## TASK BRIEF
Exercise in exact copying: restate word for word only the lines below from the one containing "Abelia floribunda" through the one containing "Pure Persian male and female cat", omitting any pictures.

## MATERIAL TO PROCESS
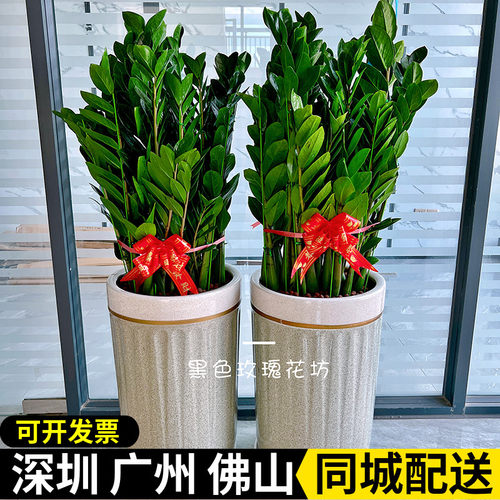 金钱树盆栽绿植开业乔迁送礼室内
...
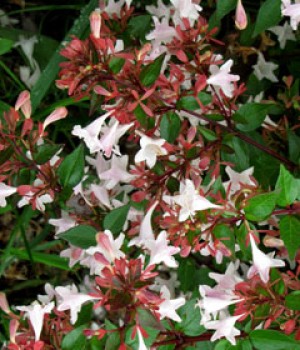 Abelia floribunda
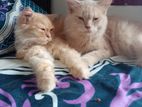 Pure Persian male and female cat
* * *
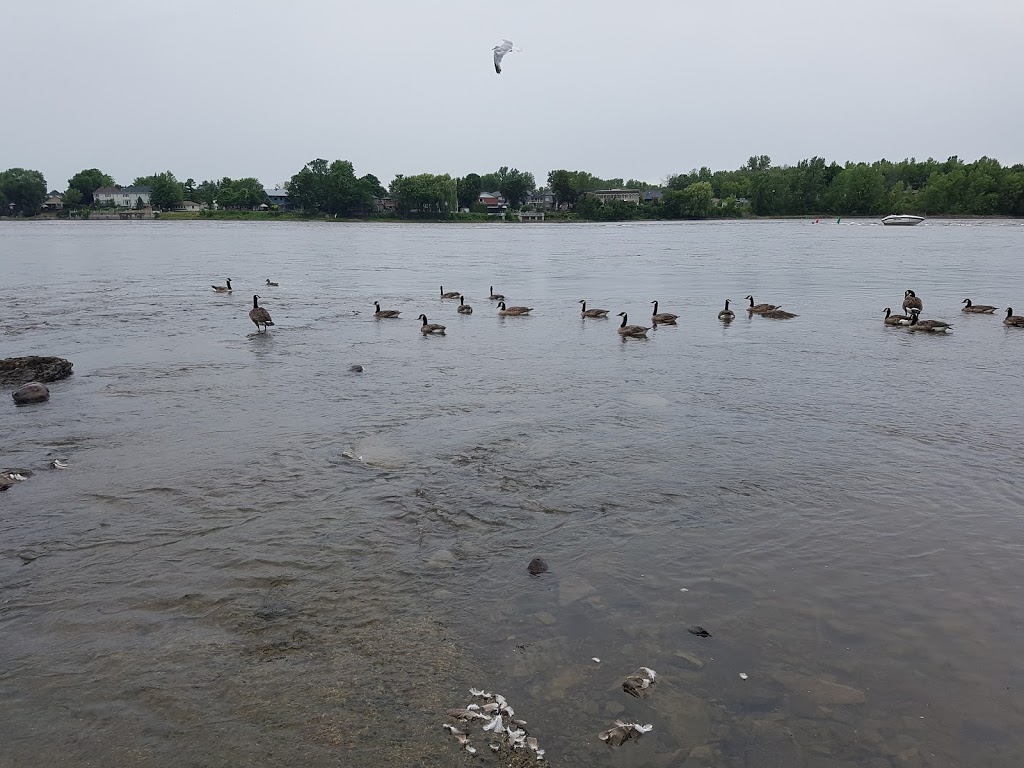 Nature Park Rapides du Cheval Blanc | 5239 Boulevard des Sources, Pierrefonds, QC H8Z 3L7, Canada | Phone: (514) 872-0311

## ANSWER TO THIS TASK
 Abelia floribunda
 Pure Persian male and female cat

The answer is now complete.